WHAT TO DO
Look through the data below for the line with "Наиль Здихальский" and the line with "CAIRN SANDAL", then output those two and all lines in between, exactly as written.

DATASET

[Start of section]

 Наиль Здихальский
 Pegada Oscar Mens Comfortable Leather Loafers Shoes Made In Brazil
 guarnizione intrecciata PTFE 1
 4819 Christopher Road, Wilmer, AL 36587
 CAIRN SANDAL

[End of section]
[Start of section]

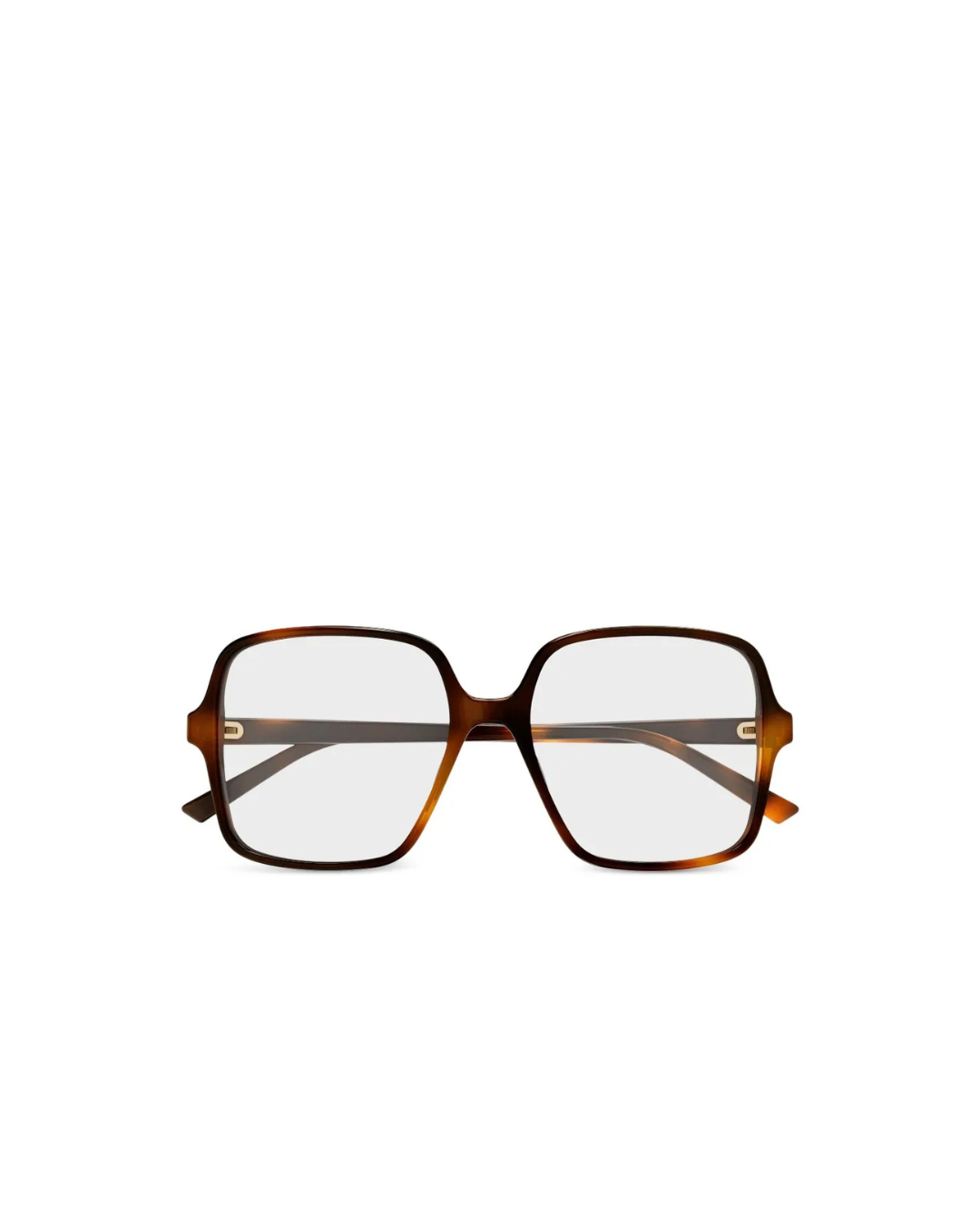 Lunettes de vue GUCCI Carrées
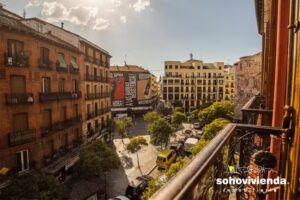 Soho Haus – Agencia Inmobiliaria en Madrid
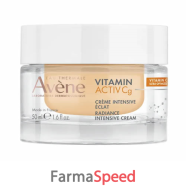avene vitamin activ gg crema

[End of section]
[Start of section]

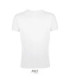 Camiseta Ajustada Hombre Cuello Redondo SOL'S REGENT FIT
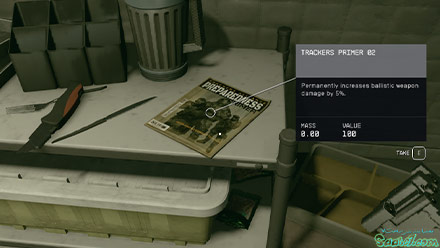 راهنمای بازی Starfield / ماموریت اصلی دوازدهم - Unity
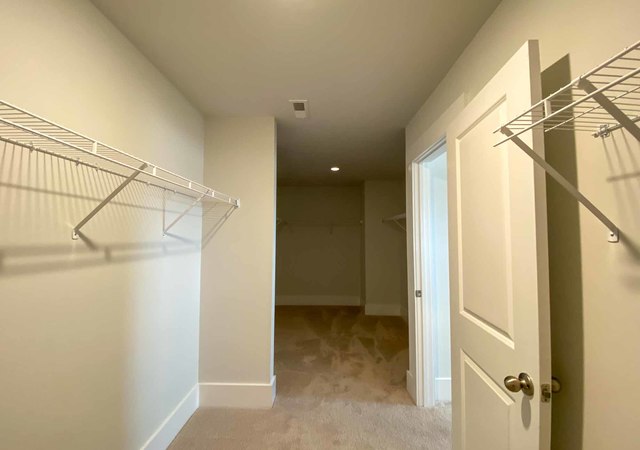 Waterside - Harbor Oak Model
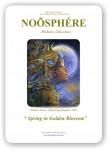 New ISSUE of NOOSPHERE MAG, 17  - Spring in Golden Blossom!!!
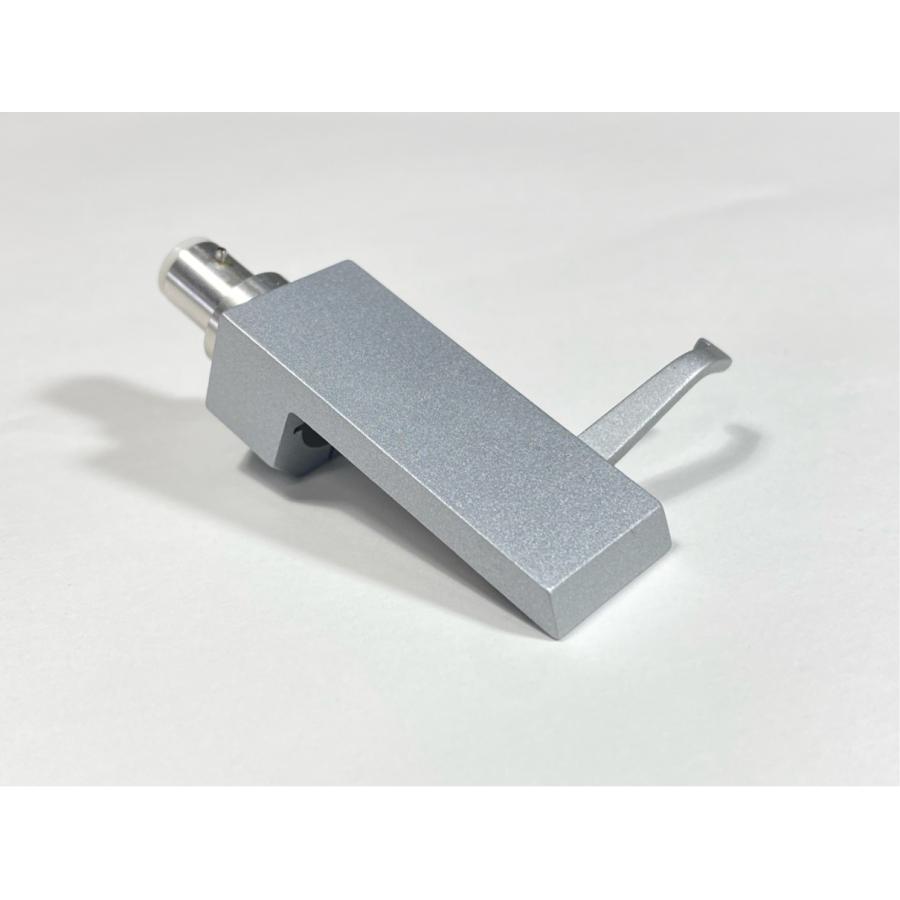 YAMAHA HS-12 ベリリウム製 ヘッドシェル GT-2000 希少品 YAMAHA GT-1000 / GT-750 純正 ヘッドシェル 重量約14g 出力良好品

[End of section]

ANSWER SECTION
 Наиль Здихальский
 Pegada Oscar Mens Comfortable Leather Loafers Shoes Made In Brazil
 guarnizione intrecciata PTFE 1
 4819 Christopher Road, Wilmer, AL 36587
 CAIRN SANDAL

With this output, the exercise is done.